Loin de répondre aux avances polies de M. Richomme, l’abbé de La Gâtinière prétendit qu’il ne connaissait pas de commune plus indifférente au culte que celle dont il avait la conduite religieuse. Les mariages ne rapportaient rien ; les baptêmes se réduisaient à quelques aumônes insignifiantes. C’était une avarice sordide. D’ailleurs la population se composant d’ouvriers, plus portés à boire qu’à entendre les sermons ; il n’avait pas même la consolation d’être écouté en chaire. À cette occasion, il se livra à des allusions dont le sens aurait paru moins voilé à M. Richomme, s’il avait connu pourquoi l’abbé se les permettait en face de MM. Thompsay.
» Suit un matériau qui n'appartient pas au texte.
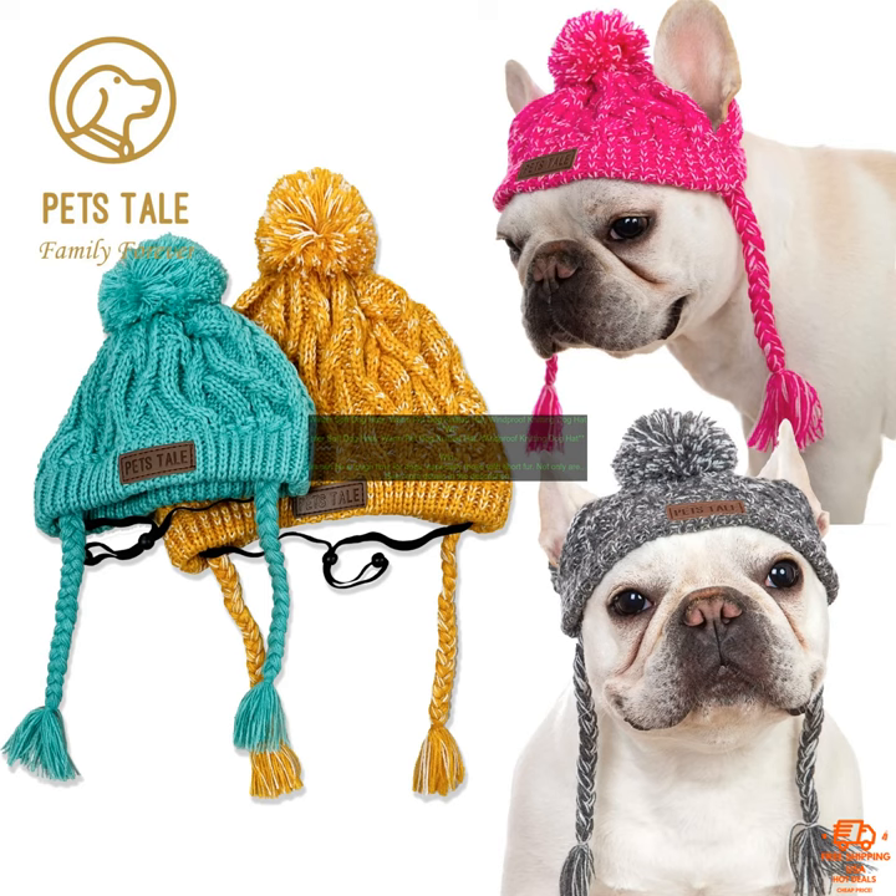This winter soft dog hat is perfect for keeping your furry friend warm and cozy. It's made from a soft, plush material that will keep your dog's head warm. While the knitted design will help to trap in heat, the hat also features a chin strap to keep it in place, even when your dog is playing or running around.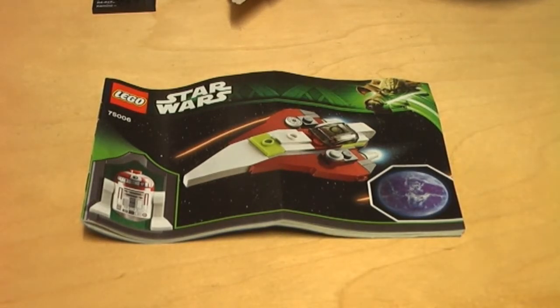Welcome back, this is Kuki here for another review on the LEGO Star Wars planet set series. Today I'm doing a review on the Jedi Starfighter and Kamino planet set. The set came out in 2013, it has one minifigure, recommended ages six to twelve, set number 75006, and it has 61 pieces.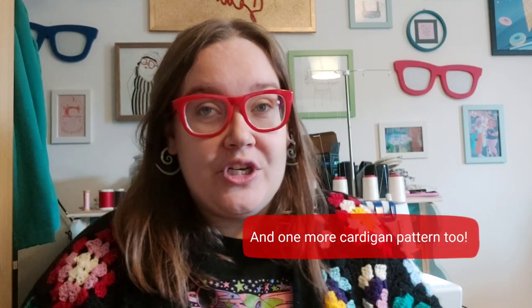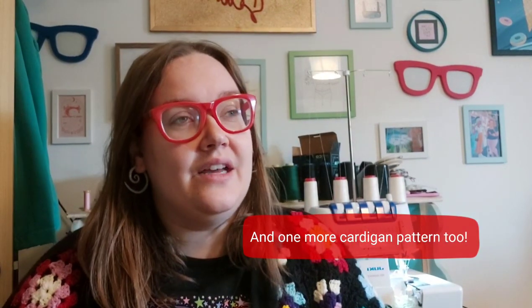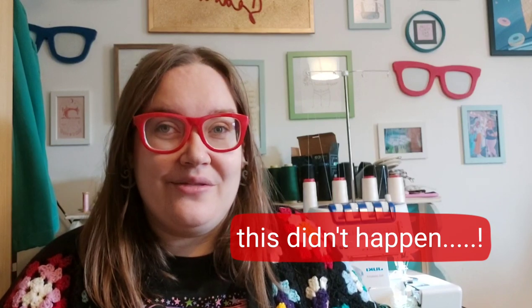I was going to do a cardigan roundup video because I've also been sewing the new True Bias Marlowe sweater, which I was a pattern tester for. But between the two of them I have 10 makes, and I thought that might be a bit much, so I'm going to split it up into two videos. I'm going to film the Marlowe sweater video as soon as this one is filmed and put them out a few days apart.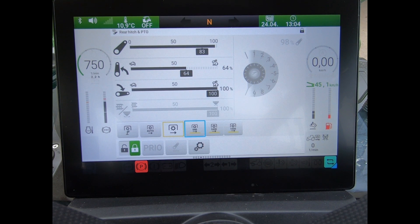Or if I was selecting, say, PTO speed — again, just move the blue box around and press it to highlight.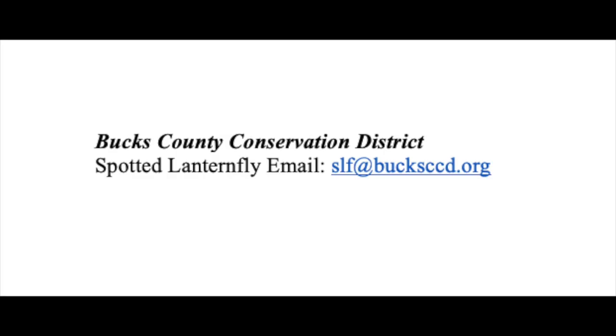Contact us with questions at slf@bucksccd.org and visit Penn State's Extension website to learn even more about this invasive insect. Next week we're going to look at container gardening as a great option to grow your own food with limited outdoor space. Thank you so much for watching today's video and I can't wait to see you in the next one!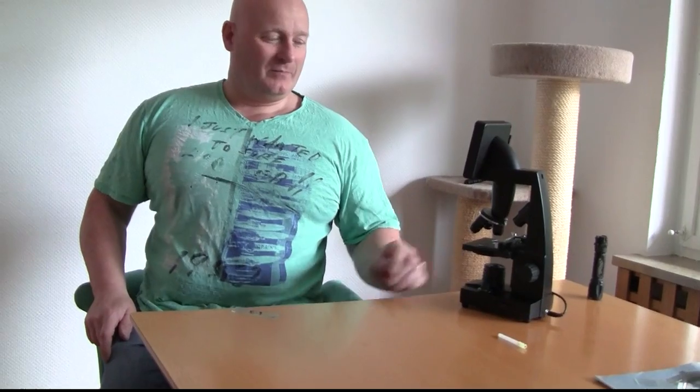Hello and welcome to the Slingshot Channel. Today we want to find out more about rubber using a microscope. I bought this one — it's about 190 dollars.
Ceux-ci, de leur côté, répliquèrent par la bouche de l’oncle Thompsay, mais avec un flegme magnifique, que, dans les États modernes, la liberté de conscience, établie désormais comme une vérité expérimentale, autorisait chacun à remplir ses devoirs religieux comme il l’entendait.

— Ceci est du pur matérialisme ; riposta l’abbé de La Gâtinière.

— Ceci est du matérialisme pur, répondit en manière d’écho l’abbé Troussier.